Let me know your views.
Cheers,
KK.
Created 11-06-2016 06:21 PM
I'm just about to try this myself so will be watching for answers, I'm guessing we may need to run 2 history servers. Don't forsee any other problem.
Created 10-27-2016 08:13 AM
Do you mean a standalone spark cluster or yarn cluster?
Created 10-29-2016 09:45 PM
Yarn cluster
Created 11-06-2016 06:21 PM
I'm just about to try this myself so will be watching for answers, I'm guessing we may need to run 2 history servers. Don't forsee any other problem.
Created 11-09-2016 10:53 AM
Just installed spark 2.0.1 on HDP 2.4 with spark 1.6.0 and it works just fine
You need a 2nd history server (and hdfs dir)

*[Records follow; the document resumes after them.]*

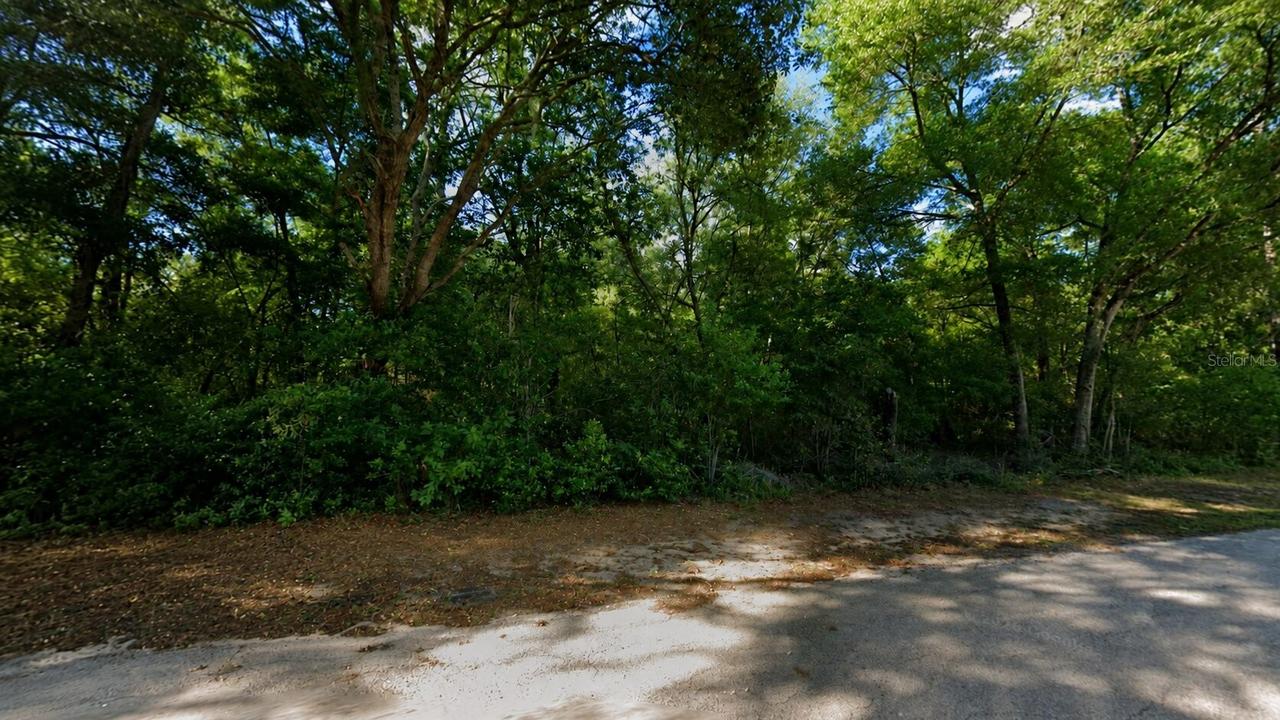 3133 E Lloyd St, Inverness, FL 34453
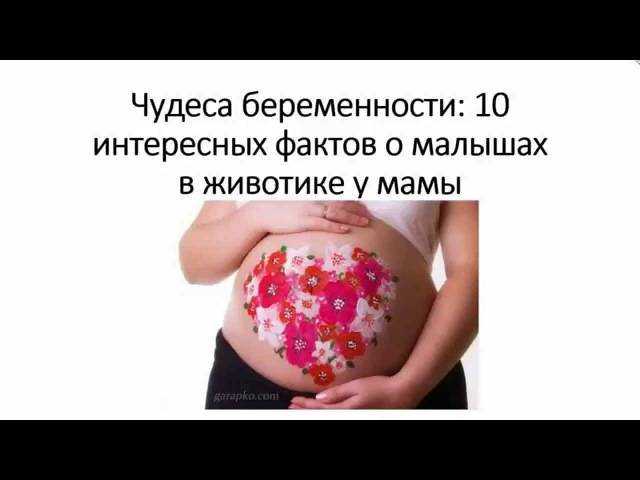 Интересное про беременность и роды - модная медицинская одежда для врачей, медсестер, хирургов в минске. дизайнерская медицинская спецодежда в беларуси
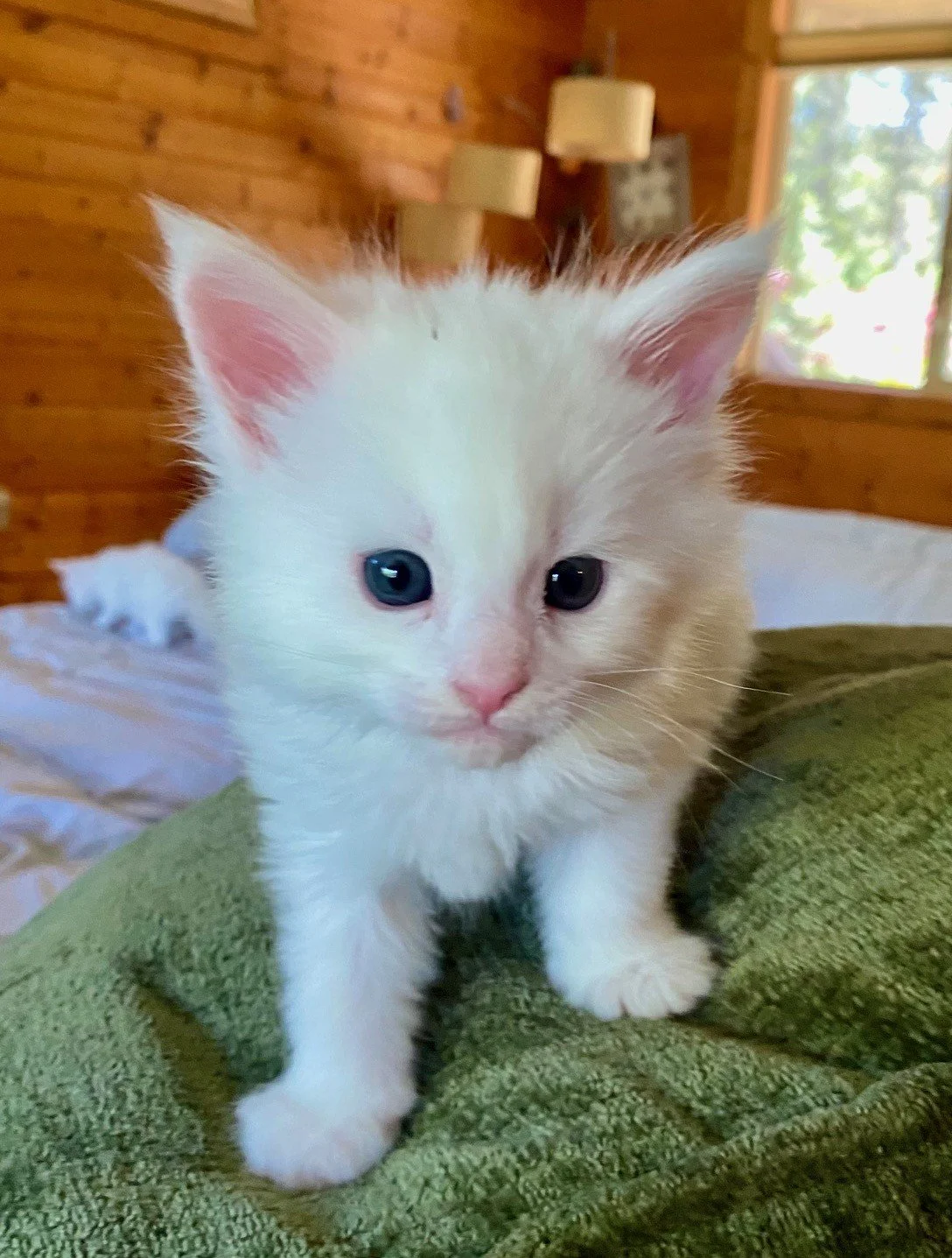 Ghost at 3 weeks old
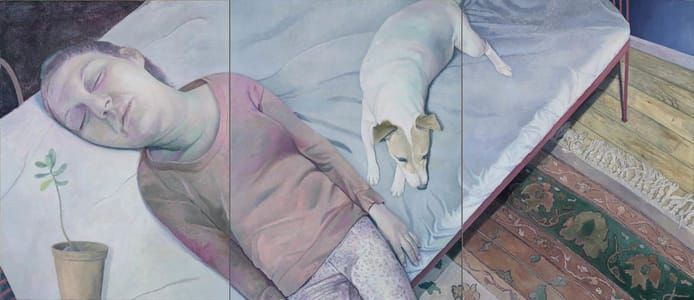 Artwork Title: Narcolepsy In Pink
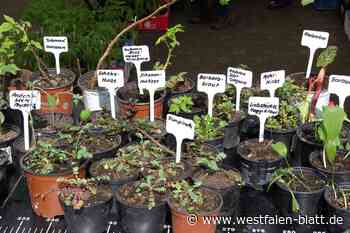 Vierter Pflanzenflohmarkt in Hohenwepel bietet 20 Stände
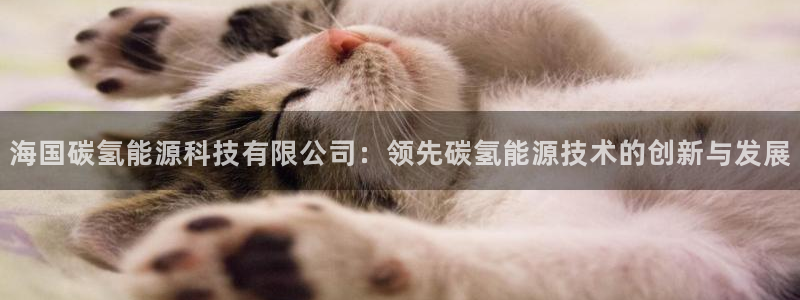 sunbet官网开户登录手机版
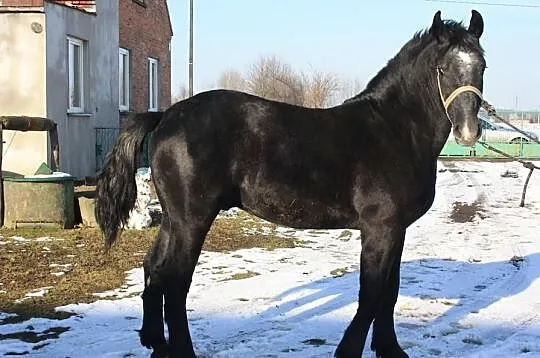 1,5 Roczny Ogier Zimnokrwisty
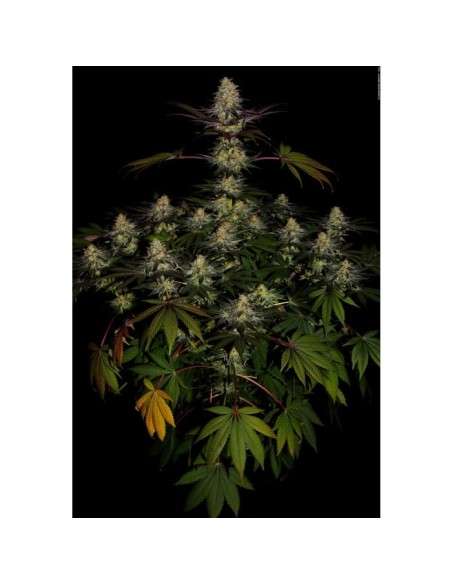 PARADISE SEEDS - El Dorado OG - 4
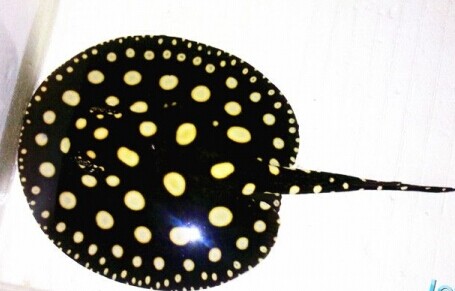 淡水魟魚飼養概述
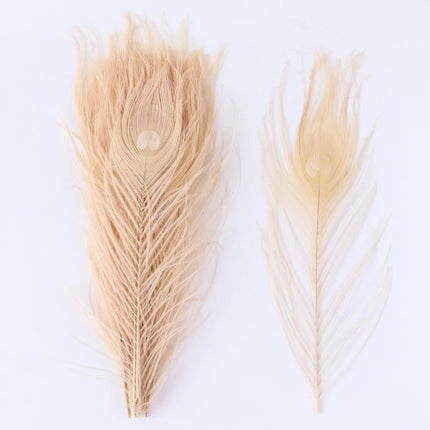 Premium Peacock Eye Feathers 10PC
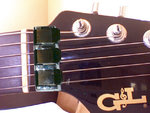 Nut Picture on GL.jpg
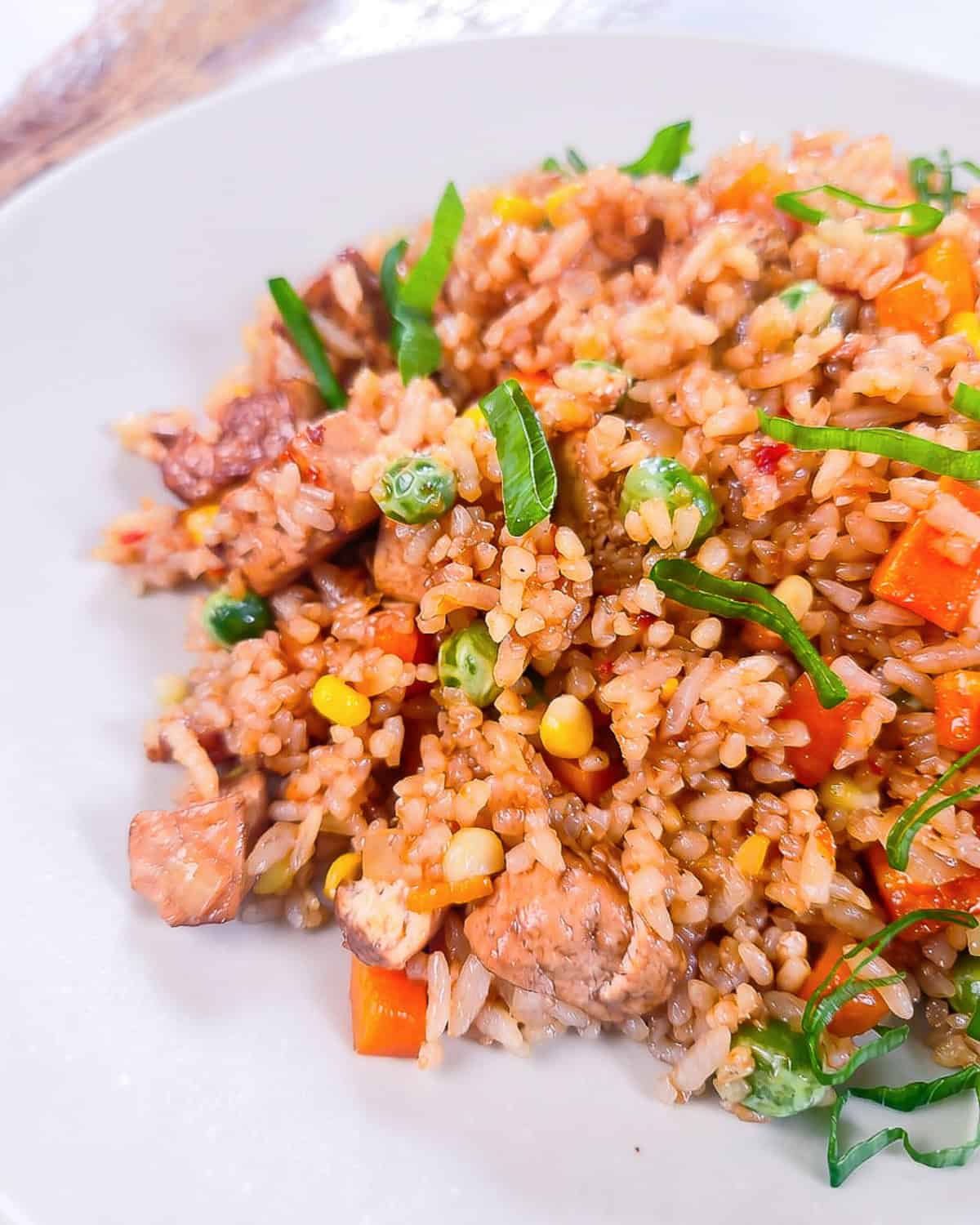 Close-up of vegan nasi goreng with tofu, carrots, peas, corn, mushrooms, and green onions on a white plate.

Created 11-07-2016 01:25 PM
Hi Jonathan,
Please let me know your findings. I will share mine if I progress on it. I have a test workload as well to run it on my test cluster. Need to upgrade to HDP2.5 before I could run the tests. Currently snowed under at work so not finding time to do it. It is one of my list of things to do.
Cheers,
KK
Created 02-06-2017 05:10 PM
I have tried to run the KMeans clustering code built for spark 1.6 on the spark 2.0, and came across problems with data types of Vectors. This could be due to spark 2.0 using vectors from "ml" and not "mllib" but the KMeans fit method seems to be calling some of mllib functions under the hood, and these functions dont understand the "ml" vectors. I ll post here once I get work around to this issue.
Created 02-07-2017 03:52 PM
Clustering algorithms in Spark 2.0 use ML version so, the feature vectors need to be of type ML instead of MLLIB. I had to convert an MLLIB vector to ML vector to make it work in spark 2.0.
Created 02-07-2017 03:52 PM
Clustering algorithms in Spark 2.0 use ML version so, the feature vectors need to be of type ML instead of MLLIB. I had to convert an MLLIB vector to ML vector to make it work in spark 2.0.